Ce texte assez court dont voici un extrait s’applique à définir ce qu’est un mythe. Dans l’esprit de Paul Valéry, on verra que cette notion recouvre un domaine assez large, dont les contours suivent la réflexion toujours libre, vive et originale de l’auteur.
Petite lettre sur les mythes
Je vous confesse tout d’abord qu’au moment d’appliquer mon effort à concevoir le monde des mythes, j’ai senti mon esprit rétif ; je l’ai poussé, j’ai forcé son ennui et ses résistances, et comme il reculait sous ma pression, retournant son regard vers ce qu’il aime, désirant ce qu’il fait le mieux dont il me peignait trop vivement les attraits, je l’ai jeté en fureur au milieu des monstres, dans la confusion de tous les dieux, des démons, des héros, des espèces horribles et de toutes ces créatures des anciens hommes, lesquels mettaient leur philosophie à peupler l’univers aussi ardemment que nous mîmes plus tard la nôtre à le vider de toute vie. Nos ancêtres s’accouplaient dans leurs ténèbres à toute énigme, et lui faisaient d’étranges enfants.

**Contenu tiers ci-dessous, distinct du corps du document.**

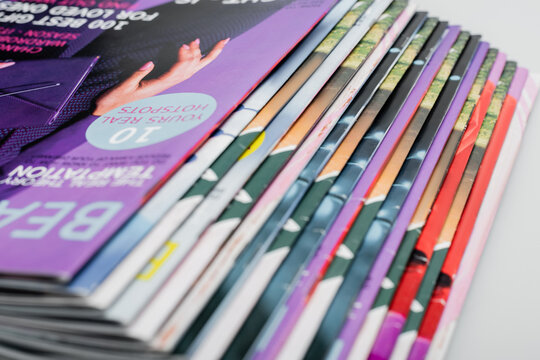 close up view of colorful magazines collection isolated on grey.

Je ne savais m’orienter dans mon désordre, à quoi me prendre pour y planter mon commencement et développer les vagues pensées que le tumulte des images et des souvenirs, le nombre des noms, le mélange des hypothèses éveillaient, ruinaient en moi devant mon dessein. Ma plume piquait dans le papier, ma main gauche tourmentait mon visage, mes yeux trop nettement se peignaient un objet bien éclairé, et je sentais trop bien que je n’avais aucun besoin d’écrire. Puis cette plume, qui tuait le temps à petits traits, se mit d’elle-même à esquisser des formes baroques, poissons affreux, pieuvres tout échevelées de paraphes trop fluides et faciles… Elle engendrait des mythes qui découlaient de mon attente dans la durée, cependant que mon âme, qui ne voyait presque pas ce que ma main créait devant elle, errait comme une somnambule entre les sombres murs imaginaires et les théâtres sous-marins de l’aquarium de Monaco !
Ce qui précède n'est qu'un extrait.